Notem que não é uma ação movida pelas empresas, mas por partidos do governo Lula em favor das – coitadinhas! – bilionárias empreiteiras brasileiras. Talvez elas não tenham bons advogados, mas certamente têm bons amigos. Chegamos ao dia em que partidos que afirmam defender os mais pobres lutam para proteger os “impotentes” donos do capital.

E qual o potencial impacto dessa ação? De quanto estamos falando? De doze bilhões de reais, valor dos acordos de leniência feitos na Lava Jato, apenas em Curitiba. Desse montante, mais de seis bilhões já foram restituídos aos cofres públicos. Ainda faltam seis bilhões. Contudo, para os partidos de esquerda, os pagamentos devem ser suspensos.

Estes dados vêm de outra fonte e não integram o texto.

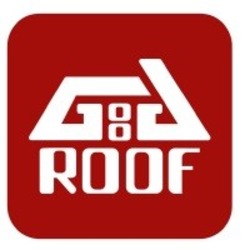 Свідоцтво торговельну марку № 298719 (заявка m202019305): good roof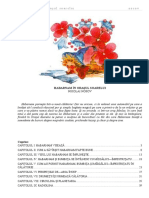 Habarnam in Orasul Soarelui-Nosov PDF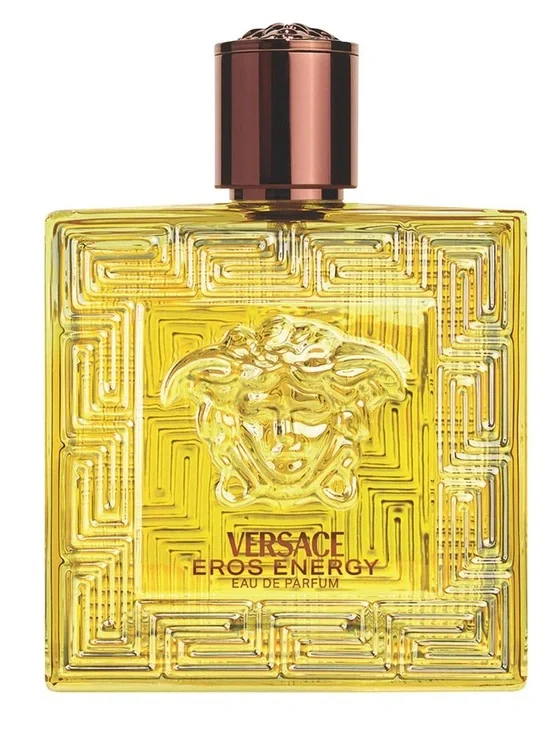 5ML Mini  New - Picture 1 of 2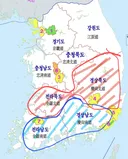영/호남 분쟁 해결법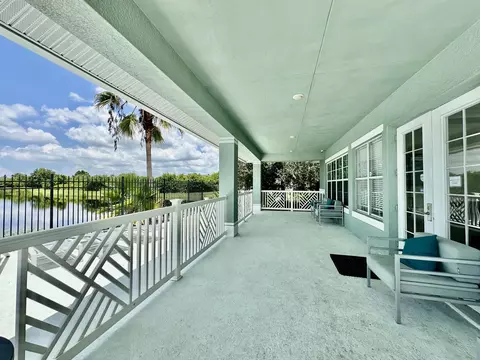 Exterior - 9604 Seadale Ct #201, Riverview, FL 33578 photo 6 of 7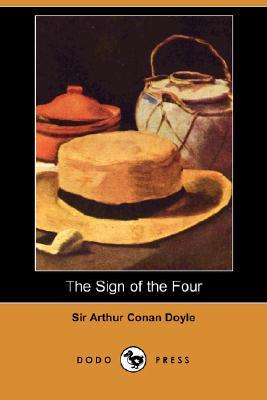 The Sign of the Four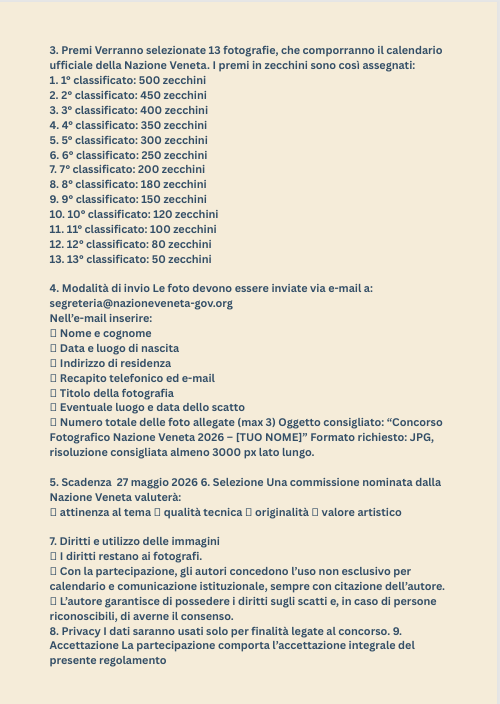 Pagina 14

Notem que não é uma ação movida pelas empresas, mas por partidos do governo Lula em favor das – coitadinhas! – bilionárias empreiteiras brasileiras. Talvez elas não tenham bons advogados, mas certamente têm bons amigos

Se os acordos forem julgados ilegítimos, o próximo passo, que poderá ser dado na própria ação, será devolver aos ladrões o dinheiro que nos roubaram. Ou seja, além de os brasileiros ficarem a ver navios em relação aos 6 bilhões de reais pendentes de pagamento, terão que desembolsar outros 6 bilhões que haviam sido recuperados.

No multiverso da loucura brasileiro, em que tudo está invertido, a esquerda, autodeclarada defensora dos pobres, está posando de Robin Hood às avessas: toma dos pobres, para entregar o dinheiro aos ricos; toma das vítimas, para entregar aos seus algozes; toma dos inocentes, para entregar aos culpados. O conto brasileiro é vergonhoso e, por ser verdadeiro, é uma tragédia.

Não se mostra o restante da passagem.